New York Board of Trade's key March cotton contract rose 0.38 cent to end at 52.75 cents a lb, ranging from 52.30 to 53.25 cents. May added 0.15 to 53.62 cents. Back months gained 0.20 or 0.25 cent.
"It's getting ready for the report," said Keith Brown, president of commodity trading firm Keith Brown and Co in Moultrie, Georgia. He was referring to the US Department of Agriculture's monthly supply/demand report due out at 8:30 am EST (1330 GMT) on Friday.
Analysts said the market will focus less on the huge supplies being harvested in countries like the United States. Attention will be dominated by the kind of demand the USDA will project in China, the world's largest consumer of cotton, and in India and Pakistan, where the crop has suffered from poor weather.

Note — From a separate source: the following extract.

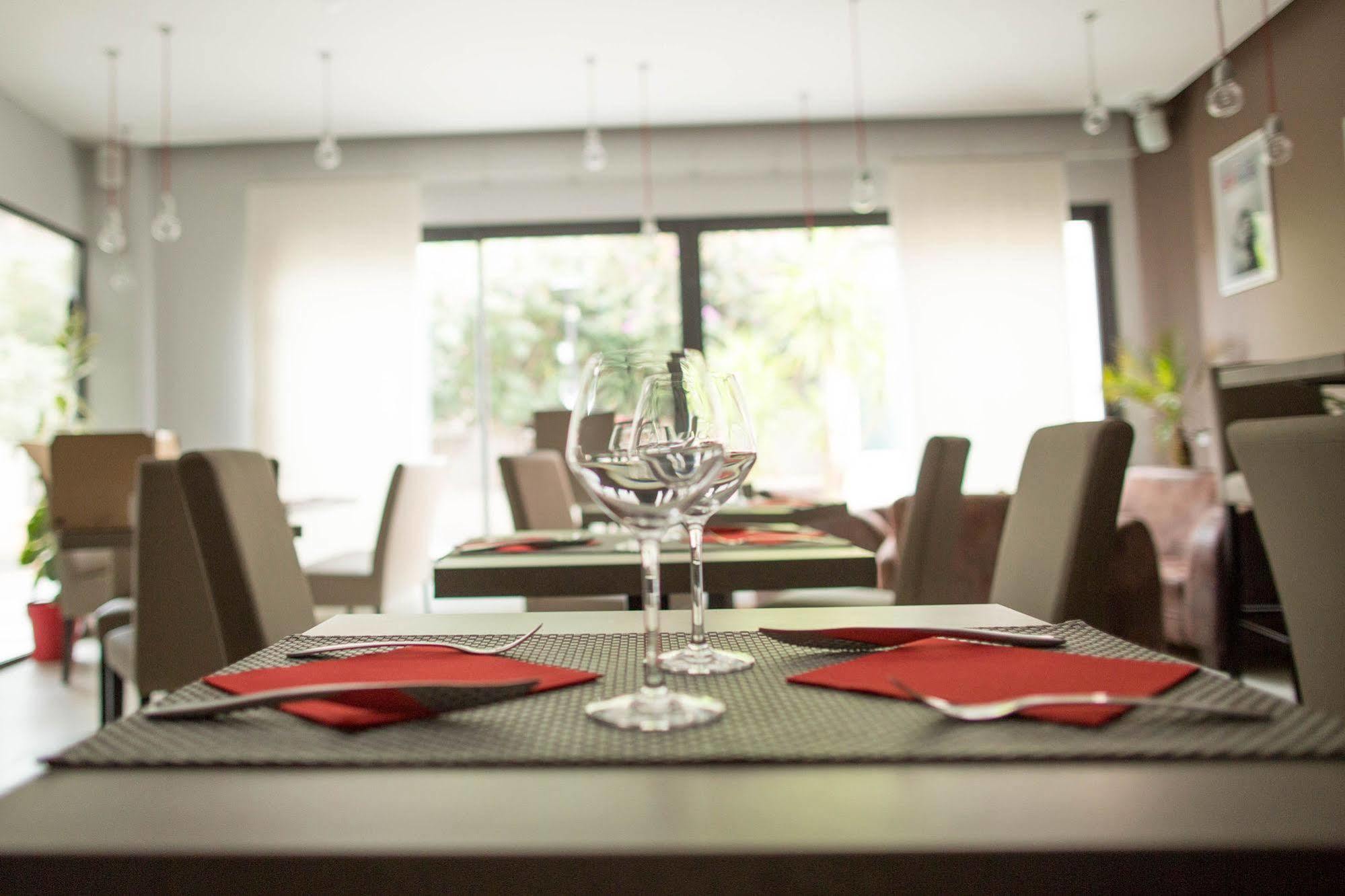 Holidays & Work Hotel Sanary-sur-Mer Extérieur photo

Jobe Moss, analyst for brokers and merchants MCM Inc in Lubbock, Texas, said the foreign figures are the only things that can move the market since estimates on supplies are fairly well known already.
"The fulcrum will be the foreign numbers in the report," said Brown.
After slipping ever so slightly after the start, cotton futures clawed its way higher on buying by small speculators but those same accounts lightened up going into the close of business, dealers said.
They said the market paid little heed to the weekly USDA export sales data, where US cotton sales reached a hefty 475,800 running bales (RBs, 500-lbs each), from 325,500 RBs in last week's report.
Brokers Flanagan Trading Corp put resistance in the March contract at 53.20 and 54.05 cents, with support at 52.45 and 52 cents. Floor dealers said estimated final volume amounted to 12,500 lots, up from Wednesday's tally of 5,908 lots. Open interest rose 448 lots to 97,883 contracts as of December 7.